» **Exercise directions**
The required output is the lines below from the line containing "Figure 3. Strain" to the line containing "Cochlear Implants", inclusive, retyped exactly. No other lines belong in it.

-------- Record set

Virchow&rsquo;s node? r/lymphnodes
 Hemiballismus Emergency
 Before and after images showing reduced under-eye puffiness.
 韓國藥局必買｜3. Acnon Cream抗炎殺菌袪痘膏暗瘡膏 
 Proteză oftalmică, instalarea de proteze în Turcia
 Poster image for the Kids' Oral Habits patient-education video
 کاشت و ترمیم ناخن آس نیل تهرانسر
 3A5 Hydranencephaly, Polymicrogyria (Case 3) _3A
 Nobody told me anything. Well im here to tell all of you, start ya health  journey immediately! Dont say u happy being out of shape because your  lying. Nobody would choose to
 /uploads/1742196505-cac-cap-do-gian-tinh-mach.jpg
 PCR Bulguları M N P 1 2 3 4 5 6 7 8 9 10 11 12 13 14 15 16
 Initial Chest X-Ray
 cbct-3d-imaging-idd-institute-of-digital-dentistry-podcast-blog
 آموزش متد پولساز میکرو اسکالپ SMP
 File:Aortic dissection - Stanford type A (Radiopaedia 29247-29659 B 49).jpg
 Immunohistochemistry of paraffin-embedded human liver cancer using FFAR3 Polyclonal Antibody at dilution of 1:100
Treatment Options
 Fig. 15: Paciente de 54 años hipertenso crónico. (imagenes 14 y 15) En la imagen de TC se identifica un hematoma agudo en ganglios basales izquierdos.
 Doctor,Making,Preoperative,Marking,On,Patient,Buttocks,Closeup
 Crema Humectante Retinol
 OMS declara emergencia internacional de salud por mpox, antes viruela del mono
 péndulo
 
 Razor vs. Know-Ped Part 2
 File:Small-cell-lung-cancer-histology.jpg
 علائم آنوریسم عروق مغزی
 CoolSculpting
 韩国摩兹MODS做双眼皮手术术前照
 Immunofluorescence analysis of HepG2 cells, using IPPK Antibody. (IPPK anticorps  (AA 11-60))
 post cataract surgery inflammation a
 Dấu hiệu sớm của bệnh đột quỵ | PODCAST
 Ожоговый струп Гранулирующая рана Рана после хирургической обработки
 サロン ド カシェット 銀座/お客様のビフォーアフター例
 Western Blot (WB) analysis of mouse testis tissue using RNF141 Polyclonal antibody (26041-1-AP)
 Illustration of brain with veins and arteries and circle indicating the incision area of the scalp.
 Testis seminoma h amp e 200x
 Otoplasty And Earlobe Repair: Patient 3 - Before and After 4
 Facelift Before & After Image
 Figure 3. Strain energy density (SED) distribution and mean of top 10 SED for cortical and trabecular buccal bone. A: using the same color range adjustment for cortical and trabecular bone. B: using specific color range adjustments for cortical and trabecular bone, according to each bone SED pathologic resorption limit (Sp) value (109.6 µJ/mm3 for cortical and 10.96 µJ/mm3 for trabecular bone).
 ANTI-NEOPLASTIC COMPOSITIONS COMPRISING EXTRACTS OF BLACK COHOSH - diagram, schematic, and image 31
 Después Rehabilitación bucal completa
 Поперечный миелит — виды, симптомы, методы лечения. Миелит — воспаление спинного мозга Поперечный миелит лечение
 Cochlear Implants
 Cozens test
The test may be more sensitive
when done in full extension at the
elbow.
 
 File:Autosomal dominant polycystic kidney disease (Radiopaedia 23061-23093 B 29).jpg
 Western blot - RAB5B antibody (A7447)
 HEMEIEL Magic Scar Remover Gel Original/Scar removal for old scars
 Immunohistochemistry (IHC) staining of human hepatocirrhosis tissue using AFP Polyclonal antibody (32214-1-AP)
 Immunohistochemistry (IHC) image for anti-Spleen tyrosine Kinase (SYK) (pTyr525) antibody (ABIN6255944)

----------------

» **Answer for the task**
 Figure 3. Strain energy density (SED) distribution and mean of top 10 SED for cortical and trabecular buccal bone. A: using the same color range adjustment for cortical and trabecular bone. B: using specific color range adjustments for cortical and trabecular bone, according to each bone SED pathologic resorption limit (Sp) value (109.6 µJ/mm3 for cortical and 10.96 µJ/mm3 for trabecular bone).
 ANTI-NEOPLASTIC COMPOSITIONS COMPRISING EXTRACTS OF BLACK COHOSH - diagram, schematic, and image 31
 Después Rehabilitación bucal completa
 Поперечный миелит — виды, симптомы, методы лечения. Миелит — воспаление спинного мозга Поперечный миелит лечение
 Cochlear Implants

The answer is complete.